In October 1991, India’s first private broadcast channel was launched by Subhash Chandra. At the time, television was a Doordarshan monopoly, a result of the colonial Indian Telegraph Act from a century ago. Satellite television was a glorious idea whose time had come, but Chandra was having a difficult time getting his newest business started. Thus far, he owned a packaging unit and an amusement park (EsselWorld), and Hong Kong businessman and philanthropist Richard Li had already rejected his proposal for a joint venture to launch the channel. Li had just launched a media and entertainment business in Asia with four satellite television channels — BBC, Star TV, MTV and Prime Sports. So instead, Chandra decided to lease a transponder on Li’s satellite for $ 5 million a year — A staggeringly large amount for a business that most considered risky in the first place. But within the first year of being in business, Zee was in the green. And soon, one of its best-performing shows was Tara.

Karuna Samtani, a 32-year-old advertising executive had been hired as the vice president of the company. As the person in charge of content for India’s first private channel, hers was a big responsibility. While she sometimes had trouble commanding respect from her peers (“I resorted to only wearing saris to look older and serious”), she managed to get the channel on air in six months after signing the transponder deal. She remembers Nanda and the director Raman Kumar approaching her with a pitch and feeling instantly sure about the script. “There was no feeling at the time that I was commissioning anything too bold. There was no TV before this; modernity was yet to be defined.”
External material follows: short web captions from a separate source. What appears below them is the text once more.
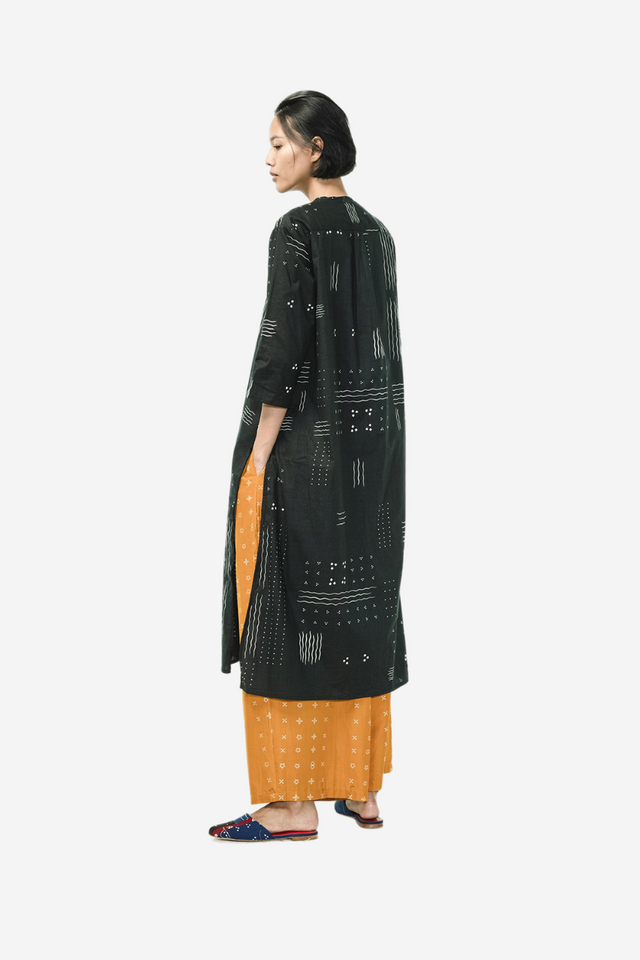 "Ombak Laut" - Baju Panjang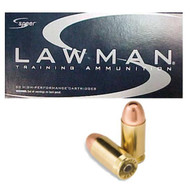 Speer Lawman .45ACP FMJ Clean Fire 230 Grain Ammunition
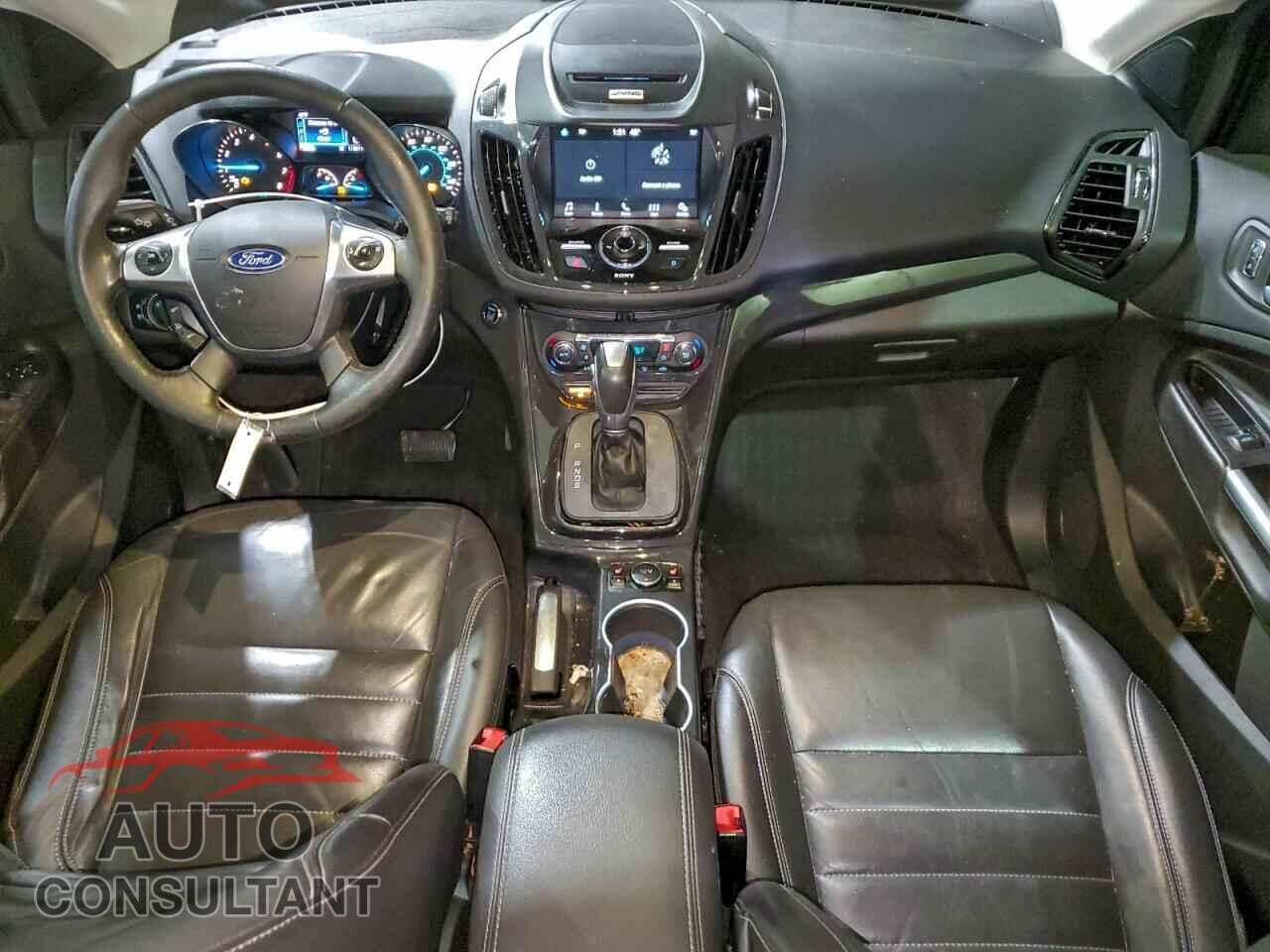 FORD ESCAPE 2016 - 1FMCU0JXXGUC23478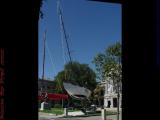 America's Cup Racer, Museum of Fine Arts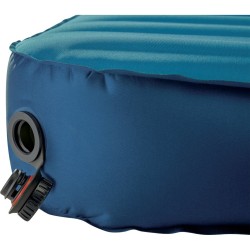 Therm-a-Rest MondoKing 3D Pojedynczy materac Niebieski Unisex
Because there was no yardstick to measure up to, no formula to resort to or much insight into what would work, Samtani and her team relied on that rare, ethereal thing: quality. “While I was asked to try and increase the rating by one point every week, there was very less interference from the channel,” says Nanda. “We didn’t have the time,” explains Samtani, we had 18-hour days and we were just in a rush to put out as much content as possible.” And so Nanda wrote the dialogues of every episode in English which were then translated to Hindi, she made her own trailers and had creative autonomy. “Today, a show is at the mercy of the creative directors and producers of the channel and they change frequently, so the person who commissioned the show is no longer there; another guy’s picking up his work and adding his own vision.”

Tara was a resounding success. Fans cut across ages, gender and geographical lines. Letters poured in, some claiming that the show was a reflection of their own hearts. “There was never a commercial spot free on the show,” says Samtani. “It was phenomenal.”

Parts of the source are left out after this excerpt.